JOHN TULLOH. Turkey – Erdogan faces his toughest test.

Jun 22, 2018

Recep Tayyip Erdoğan would have been pleased when a recent edition of Time had him on the cover as one of the ‘Strongmen Era’. The Turkish president is indeed and he hopes the election this weekend will make him even stronger – a kind of 21st century sultan in the style of the Ottoman rulers he admires so much. But he has run into unexpected resistance: an opposition alliance gathering popular support and led by someone who can match Erdoğan himself for firebrand rhetoric. 

Presidential and parliamentary elections take place in Turkey on 24 June. Back in April, Erdoğan called the polls 17 months ahead of time to take advantage of a fragmented opposition and to fulfil his thirst to become the all-powerful executive president as narrowly approved by last year’s referendum. It also may have been to get in before Turkey’s wobbling economy alienated too many of his traditional supporters.

Whatever the motive, it was widely predicted at the time that Erdoğan would win just as he has in every electoral test over 15 years in power. Just to make sure, he had locked up thousands of opponents, jailed more journalists than any other country and manipulated the media so that 90 percent of it supported him, including turning the state television service into his own mouthpiece.

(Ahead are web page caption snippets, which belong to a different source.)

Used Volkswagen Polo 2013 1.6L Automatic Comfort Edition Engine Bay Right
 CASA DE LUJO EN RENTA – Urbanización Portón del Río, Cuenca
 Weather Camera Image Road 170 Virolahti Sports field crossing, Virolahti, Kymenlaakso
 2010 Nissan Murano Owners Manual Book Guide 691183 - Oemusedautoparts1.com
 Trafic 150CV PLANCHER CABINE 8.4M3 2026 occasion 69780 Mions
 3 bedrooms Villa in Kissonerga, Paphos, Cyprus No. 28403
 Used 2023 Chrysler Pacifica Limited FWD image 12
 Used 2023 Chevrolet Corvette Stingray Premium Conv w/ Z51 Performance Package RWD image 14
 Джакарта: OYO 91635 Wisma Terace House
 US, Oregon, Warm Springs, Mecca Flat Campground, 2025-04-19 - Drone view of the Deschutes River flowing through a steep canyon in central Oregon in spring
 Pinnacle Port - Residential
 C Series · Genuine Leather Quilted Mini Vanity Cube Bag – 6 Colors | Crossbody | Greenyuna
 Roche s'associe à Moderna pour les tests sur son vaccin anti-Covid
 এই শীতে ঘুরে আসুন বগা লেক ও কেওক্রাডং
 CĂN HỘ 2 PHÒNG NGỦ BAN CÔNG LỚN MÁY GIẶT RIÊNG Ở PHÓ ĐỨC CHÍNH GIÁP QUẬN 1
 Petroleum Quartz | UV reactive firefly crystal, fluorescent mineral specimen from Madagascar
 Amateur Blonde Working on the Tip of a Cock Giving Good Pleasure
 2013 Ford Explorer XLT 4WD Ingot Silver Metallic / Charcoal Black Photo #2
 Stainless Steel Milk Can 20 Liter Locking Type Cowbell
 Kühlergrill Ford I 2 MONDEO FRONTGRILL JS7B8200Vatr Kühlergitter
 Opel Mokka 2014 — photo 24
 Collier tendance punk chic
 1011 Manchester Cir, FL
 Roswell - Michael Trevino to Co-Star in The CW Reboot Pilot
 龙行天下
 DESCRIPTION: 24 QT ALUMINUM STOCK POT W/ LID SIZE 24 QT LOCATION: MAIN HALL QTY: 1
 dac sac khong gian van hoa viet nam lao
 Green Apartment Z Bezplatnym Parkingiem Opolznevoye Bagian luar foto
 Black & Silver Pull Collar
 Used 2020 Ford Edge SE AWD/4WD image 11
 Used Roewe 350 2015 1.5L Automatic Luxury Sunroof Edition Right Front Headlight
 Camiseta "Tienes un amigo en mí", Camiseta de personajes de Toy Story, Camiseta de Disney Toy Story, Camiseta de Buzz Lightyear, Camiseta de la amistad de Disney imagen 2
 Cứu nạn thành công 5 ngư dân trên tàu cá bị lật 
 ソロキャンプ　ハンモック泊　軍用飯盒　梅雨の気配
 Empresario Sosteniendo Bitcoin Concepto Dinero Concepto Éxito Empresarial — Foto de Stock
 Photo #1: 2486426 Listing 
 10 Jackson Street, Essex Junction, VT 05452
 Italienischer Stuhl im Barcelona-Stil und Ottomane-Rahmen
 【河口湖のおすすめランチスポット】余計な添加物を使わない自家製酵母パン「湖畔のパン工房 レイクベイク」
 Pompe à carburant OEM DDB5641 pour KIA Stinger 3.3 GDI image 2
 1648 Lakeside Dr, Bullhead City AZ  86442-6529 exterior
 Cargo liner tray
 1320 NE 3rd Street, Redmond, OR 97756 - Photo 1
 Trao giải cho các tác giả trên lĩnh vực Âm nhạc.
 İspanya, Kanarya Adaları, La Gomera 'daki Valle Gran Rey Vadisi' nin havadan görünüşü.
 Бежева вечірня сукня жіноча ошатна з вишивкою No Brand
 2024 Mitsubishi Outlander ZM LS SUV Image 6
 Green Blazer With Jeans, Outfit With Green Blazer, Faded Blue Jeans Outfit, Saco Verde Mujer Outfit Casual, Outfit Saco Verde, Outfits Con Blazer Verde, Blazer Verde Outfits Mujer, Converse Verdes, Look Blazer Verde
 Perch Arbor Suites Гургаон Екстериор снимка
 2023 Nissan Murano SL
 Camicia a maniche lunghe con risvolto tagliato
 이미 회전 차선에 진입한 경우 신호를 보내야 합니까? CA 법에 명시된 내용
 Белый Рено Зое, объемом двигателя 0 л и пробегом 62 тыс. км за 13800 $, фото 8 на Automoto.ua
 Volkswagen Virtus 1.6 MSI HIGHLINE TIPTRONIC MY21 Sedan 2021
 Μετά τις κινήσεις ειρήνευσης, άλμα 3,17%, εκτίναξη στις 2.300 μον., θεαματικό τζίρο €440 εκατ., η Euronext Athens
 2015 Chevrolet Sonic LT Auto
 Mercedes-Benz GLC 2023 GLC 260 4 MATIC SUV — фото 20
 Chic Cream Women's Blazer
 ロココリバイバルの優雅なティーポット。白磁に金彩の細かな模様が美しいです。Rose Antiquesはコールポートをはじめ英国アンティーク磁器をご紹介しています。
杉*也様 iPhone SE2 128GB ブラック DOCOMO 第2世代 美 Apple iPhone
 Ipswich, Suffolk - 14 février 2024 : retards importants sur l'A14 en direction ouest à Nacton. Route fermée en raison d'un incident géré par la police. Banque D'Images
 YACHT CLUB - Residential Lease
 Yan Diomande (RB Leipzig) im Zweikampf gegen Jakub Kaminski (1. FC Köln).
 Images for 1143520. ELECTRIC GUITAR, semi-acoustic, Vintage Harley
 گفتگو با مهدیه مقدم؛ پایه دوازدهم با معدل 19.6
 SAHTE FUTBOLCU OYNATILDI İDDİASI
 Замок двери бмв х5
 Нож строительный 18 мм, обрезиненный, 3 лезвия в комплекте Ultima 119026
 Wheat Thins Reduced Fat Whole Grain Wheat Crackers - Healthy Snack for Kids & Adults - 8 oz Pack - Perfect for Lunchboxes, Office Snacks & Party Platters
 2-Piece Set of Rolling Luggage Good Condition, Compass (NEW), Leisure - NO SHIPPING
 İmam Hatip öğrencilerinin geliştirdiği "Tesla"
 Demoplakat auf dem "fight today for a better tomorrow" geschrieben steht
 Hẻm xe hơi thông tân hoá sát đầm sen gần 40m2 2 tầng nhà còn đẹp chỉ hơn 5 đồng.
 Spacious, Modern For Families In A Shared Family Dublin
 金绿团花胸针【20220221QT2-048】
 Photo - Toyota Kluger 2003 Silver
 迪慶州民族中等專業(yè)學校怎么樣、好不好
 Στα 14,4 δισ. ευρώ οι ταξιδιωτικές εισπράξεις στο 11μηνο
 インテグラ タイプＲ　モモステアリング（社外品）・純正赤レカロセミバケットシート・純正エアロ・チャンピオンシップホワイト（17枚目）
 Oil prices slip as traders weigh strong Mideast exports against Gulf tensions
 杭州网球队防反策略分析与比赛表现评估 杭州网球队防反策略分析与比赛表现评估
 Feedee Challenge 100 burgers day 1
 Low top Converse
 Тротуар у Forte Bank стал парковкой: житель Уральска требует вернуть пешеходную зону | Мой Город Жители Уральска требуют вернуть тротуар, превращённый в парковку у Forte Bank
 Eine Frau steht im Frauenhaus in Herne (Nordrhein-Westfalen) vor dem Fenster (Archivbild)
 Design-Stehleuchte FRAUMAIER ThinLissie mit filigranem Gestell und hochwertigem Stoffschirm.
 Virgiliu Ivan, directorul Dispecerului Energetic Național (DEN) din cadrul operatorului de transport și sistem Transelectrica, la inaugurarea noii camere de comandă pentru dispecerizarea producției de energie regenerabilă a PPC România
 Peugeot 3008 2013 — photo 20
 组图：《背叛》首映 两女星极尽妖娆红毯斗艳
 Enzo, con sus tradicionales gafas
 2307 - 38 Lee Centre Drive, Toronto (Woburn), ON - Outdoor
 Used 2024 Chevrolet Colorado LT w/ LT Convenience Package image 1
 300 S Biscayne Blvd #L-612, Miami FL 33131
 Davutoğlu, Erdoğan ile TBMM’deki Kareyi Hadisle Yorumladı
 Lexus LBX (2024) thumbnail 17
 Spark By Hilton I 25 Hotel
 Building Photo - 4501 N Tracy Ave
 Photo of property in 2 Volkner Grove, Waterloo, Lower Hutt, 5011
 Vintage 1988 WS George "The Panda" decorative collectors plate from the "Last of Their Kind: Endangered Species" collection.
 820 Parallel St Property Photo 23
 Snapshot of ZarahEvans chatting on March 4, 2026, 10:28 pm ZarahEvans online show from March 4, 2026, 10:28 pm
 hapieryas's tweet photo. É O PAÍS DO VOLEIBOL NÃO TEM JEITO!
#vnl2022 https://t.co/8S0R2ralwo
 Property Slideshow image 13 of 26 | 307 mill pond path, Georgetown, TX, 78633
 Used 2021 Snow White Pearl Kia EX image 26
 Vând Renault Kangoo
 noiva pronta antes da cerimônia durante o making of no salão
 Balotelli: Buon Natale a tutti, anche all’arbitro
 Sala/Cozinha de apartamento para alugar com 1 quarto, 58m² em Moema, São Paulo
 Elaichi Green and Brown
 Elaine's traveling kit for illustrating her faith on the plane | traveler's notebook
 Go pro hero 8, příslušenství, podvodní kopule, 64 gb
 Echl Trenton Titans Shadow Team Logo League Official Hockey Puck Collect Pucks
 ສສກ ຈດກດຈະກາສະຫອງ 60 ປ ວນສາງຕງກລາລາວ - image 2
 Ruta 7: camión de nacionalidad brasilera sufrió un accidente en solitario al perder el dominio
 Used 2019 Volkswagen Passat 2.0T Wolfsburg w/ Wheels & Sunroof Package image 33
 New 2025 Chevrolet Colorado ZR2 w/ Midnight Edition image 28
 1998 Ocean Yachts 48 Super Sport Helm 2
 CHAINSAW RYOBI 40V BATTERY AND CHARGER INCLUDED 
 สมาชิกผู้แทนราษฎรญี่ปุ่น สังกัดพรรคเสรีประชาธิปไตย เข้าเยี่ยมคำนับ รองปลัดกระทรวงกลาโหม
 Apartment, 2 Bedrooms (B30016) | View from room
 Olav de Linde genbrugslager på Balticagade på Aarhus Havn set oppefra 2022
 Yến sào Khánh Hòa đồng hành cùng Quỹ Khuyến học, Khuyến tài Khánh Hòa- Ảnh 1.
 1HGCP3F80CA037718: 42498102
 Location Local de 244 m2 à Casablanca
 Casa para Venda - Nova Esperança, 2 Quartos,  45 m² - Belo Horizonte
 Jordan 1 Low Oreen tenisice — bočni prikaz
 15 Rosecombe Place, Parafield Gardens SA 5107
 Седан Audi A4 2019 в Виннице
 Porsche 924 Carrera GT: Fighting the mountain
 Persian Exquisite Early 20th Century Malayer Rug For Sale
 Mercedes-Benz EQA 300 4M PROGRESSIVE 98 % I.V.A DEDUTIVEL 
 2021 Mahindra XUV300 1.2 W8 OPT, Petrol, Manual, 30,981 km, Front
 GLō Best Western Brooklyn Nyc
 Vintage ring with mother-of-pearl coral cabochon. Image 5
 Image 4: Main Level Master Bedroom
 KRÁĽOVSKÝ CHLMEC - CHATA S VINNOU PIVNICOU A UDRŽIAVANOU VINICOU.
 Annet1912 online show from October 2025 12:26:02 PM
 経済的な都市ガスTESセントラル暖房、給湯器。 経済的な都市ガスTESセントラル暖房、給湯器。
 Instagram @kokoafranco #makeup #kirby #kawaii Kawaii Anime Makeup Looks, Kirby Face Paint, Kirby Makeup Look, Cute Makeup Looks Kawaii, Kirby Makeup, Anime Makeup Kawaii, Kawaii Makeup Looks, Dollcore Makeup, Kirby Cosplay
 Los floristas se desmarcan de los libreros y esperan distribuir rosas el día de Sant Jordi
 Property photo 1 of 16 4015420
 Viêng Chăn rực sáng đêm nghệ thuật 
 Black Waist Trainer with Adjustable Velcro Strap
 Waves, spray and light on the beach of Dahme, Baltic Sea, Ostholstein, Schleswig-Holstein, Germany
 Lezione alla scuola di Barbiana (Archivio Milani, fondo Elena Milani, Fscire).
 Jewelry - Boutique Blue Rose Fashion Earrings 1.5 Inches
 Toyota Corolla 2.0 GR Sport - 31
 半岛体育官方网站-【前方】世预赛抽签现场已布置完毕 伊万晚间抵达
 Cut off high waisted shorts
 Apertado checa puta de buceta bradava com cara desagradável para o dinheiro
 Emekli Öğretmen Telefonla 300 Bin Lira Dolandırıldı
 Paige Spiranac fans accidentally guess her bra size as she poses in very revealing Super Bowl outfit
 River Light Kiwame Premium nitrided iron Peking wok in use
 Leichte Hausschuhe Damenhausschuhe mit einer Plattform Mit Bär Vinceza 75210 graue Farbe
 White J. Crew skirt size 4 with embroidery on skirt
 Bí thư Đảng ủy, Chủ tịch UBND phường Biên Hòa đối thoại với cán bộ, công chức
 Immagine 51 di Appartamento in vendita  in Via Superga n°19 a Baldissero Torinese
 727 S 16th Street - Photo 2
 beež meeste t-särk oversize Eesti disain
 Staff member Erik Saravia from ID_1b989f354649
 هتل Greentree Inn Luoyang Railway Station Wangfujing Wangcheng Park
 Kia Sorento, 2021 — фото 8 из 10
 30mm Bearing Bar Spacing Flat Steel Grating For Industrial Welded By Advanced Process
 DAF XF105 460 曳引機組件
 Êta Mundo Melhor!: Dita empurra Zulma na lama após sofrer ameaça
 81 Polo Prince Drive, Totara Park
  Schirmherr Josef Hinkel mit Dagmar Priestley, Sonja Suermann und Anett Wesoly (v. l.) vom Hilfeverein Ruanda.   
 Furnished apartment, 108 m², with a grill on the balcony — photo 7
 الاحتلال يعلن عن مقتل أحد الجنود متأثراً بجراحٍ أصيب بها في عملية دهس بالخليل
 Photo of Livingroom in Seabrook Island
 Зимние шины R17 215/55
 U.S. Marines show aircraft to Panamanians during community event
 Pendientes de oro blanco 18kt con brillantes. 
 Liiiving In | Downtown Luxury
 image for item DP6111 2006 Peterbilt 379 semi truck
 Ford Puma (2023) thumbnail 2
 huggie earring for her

But little did the normally bellicose Erdoğan realise that he would now be on the receiving end of a credible opponent who can stir voters just as persuasively as he does. Muharram Ince, a former high school physics teacher, leader of the Republican People’s Party (CHM) and now presidential candidate, formed a disparate alliance of four political parties.

‘He has hurled taunts (at Erdoğan) with the reckless abandon of a competitor who smelled blood’, reported the Washington Post. He has mocked Erdoğan’s economic policies which have caused the Turkish lira to plunge, accused him of exaggerating security threats in order to alarm  the populace and denounced him for spending lavish sums on palaces,  just as the Ottomans once did.

Ince (pron. Een-Jay) has effectively managed to exploit voter fatigue with Erdoğan. His alliance covers leftists, religious minorities, secularists, right-wing nationalists and pious Moslems. Polls suggest he will force the Turkish leader into a second round for the presidency and his alliance even might gain a majority in parliament.

But few expect Erdoğan to lose. He is the consummate political commissar. He has maintained the state of emergency since the failed coup two years ago. This has given him a free hand to pull even more levers of power. He has criminalised dissent by punishing anyone criticising him. He jailed the leader of a prominent pro-Kurdish party. He’s given the police the right to arrest anyone without a court order and encouraged government authorities to curb freedoms of expression, assembly and association.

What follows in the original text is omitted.